Segment Start: DATA FOR PROCESSING

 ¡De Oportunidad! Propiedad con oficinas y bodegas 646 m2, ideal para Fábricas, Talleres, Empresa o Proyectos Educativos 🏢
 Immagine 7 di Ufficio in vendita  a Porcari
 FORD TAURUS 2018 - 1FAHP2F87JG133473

Segment End: DATA FOR PROCESSING
Segment Start: DATA FOR PROCESSING

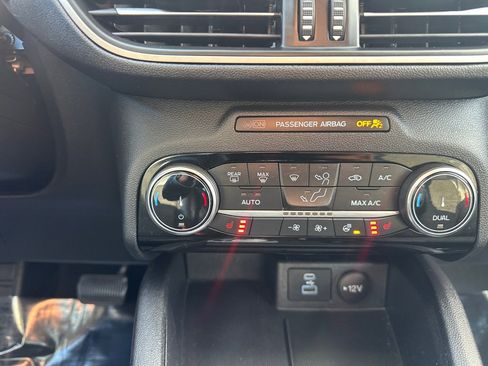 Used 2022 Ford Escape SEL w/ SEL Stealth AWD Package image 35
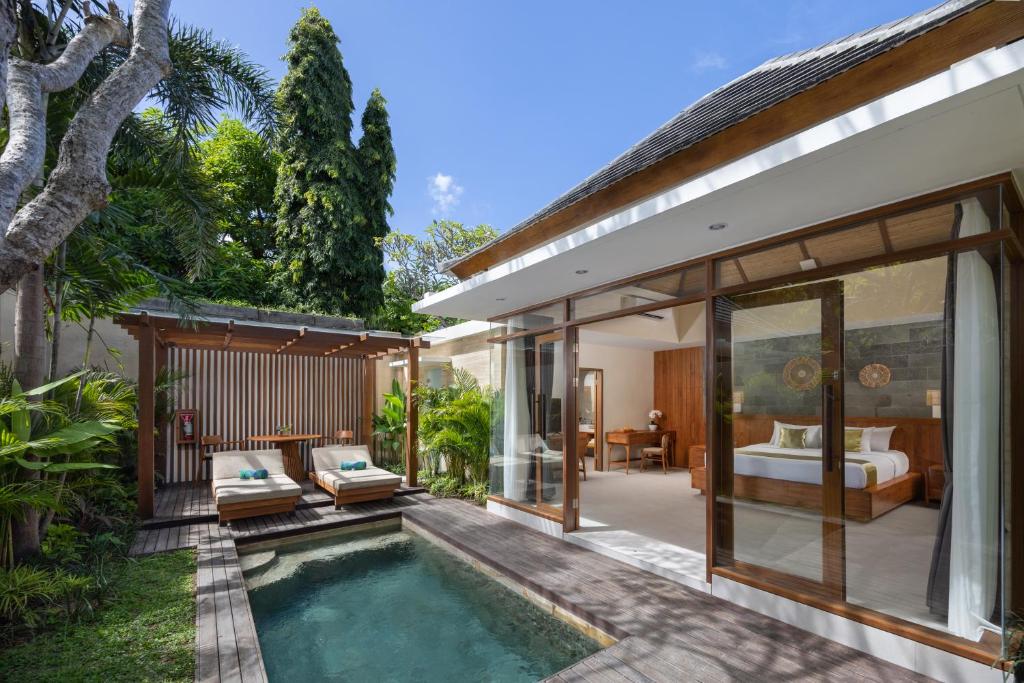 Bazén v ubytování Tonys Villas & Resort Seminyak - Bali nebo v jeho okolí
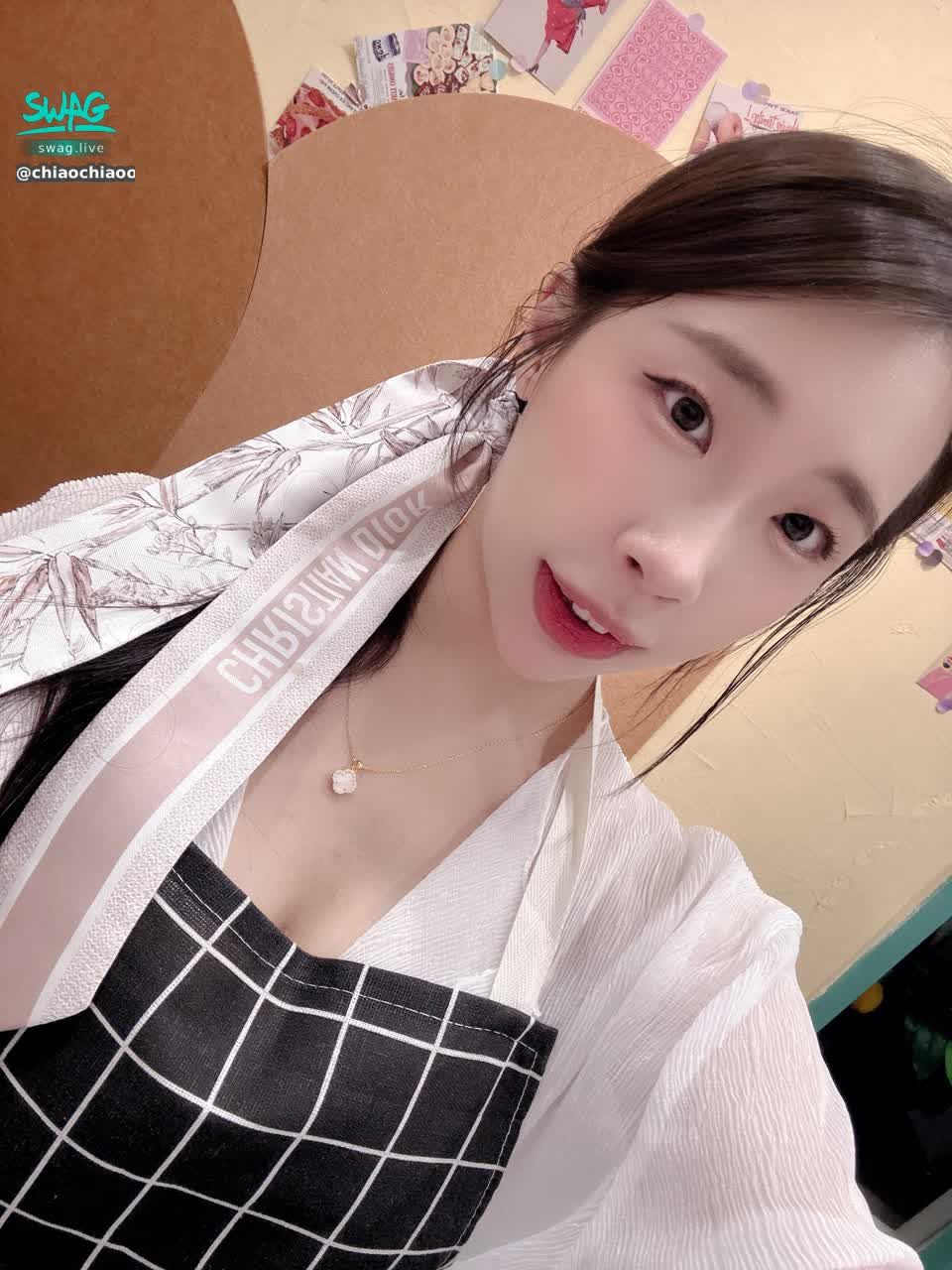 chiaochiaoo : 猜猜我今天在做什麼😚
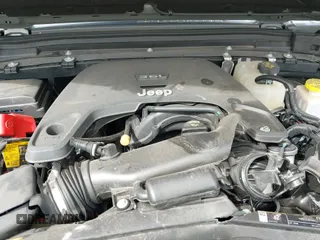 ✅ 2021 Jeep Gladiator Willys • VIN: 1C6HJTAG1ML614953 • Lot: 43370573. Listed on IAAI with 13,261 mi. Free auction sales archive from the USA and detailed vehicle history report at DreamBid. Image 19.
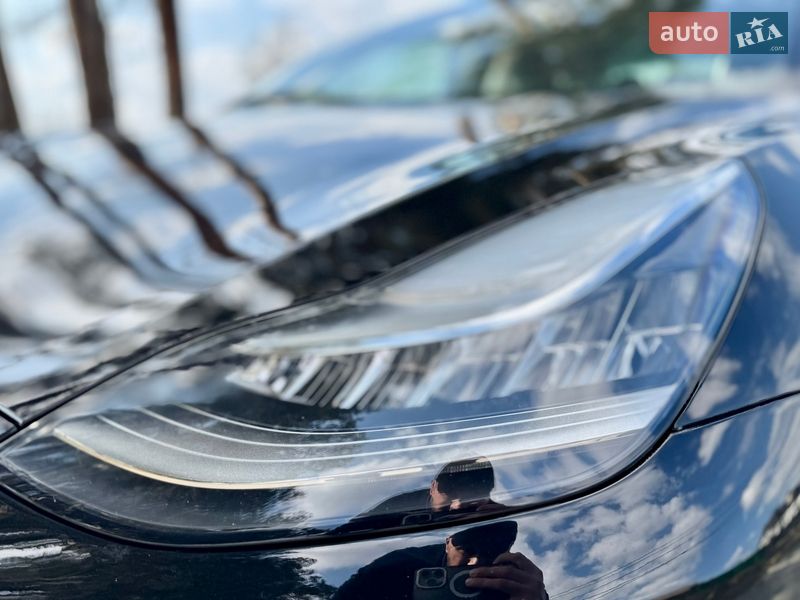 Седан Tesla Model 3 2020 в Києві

Segment End: DATA FOR PROCESSING
Segment Start: DATA FOR PROCESSING

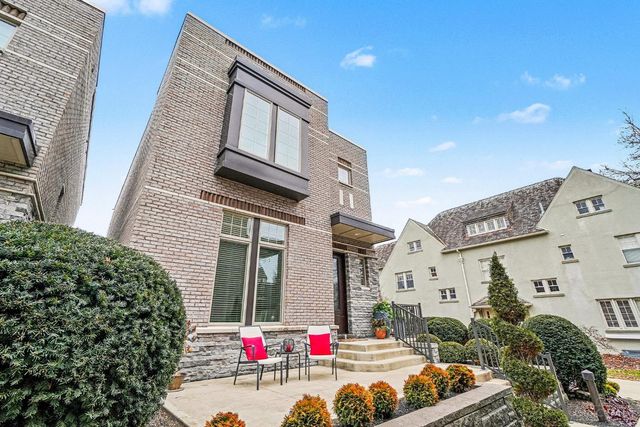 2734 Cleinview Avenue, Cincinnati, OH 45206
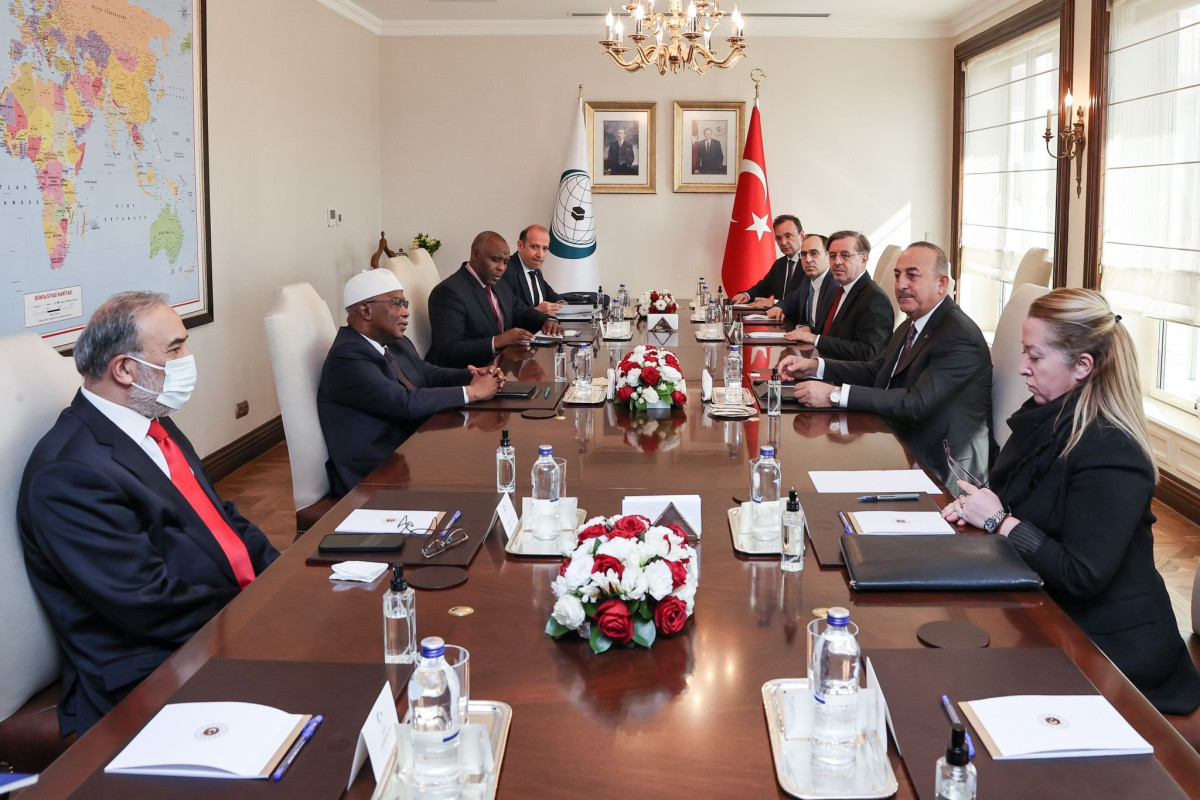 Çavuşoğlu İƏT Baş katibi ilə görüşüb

Segment End: DATA FOR PROCESSING

Reproduce the data above exactly, but only the lines from the one showing "Bazén v ubytování" through the one showing "Седан Tesla Model 3 2020 в Києві", with both ends kept and the pictures left out.

THE COMPLETED TASK
 Bazén v ubytování Tonys Villas & Resort Seminyak - Bali nebo v jeho okolí
 chiaochiaoo : 猜猜我今天在做什麼😚
 ✅ 2021 Jeep Gladiator Willys • VIN: 1C6HJTAG1ML614953 • Lot: 43370573. Listed on IAAI with 13,261 mi. Free auction sales archive from the USA and detailed vehicle history report at DreamBid. Image 19.
 Седан Tesla Model 3 2020 в Києві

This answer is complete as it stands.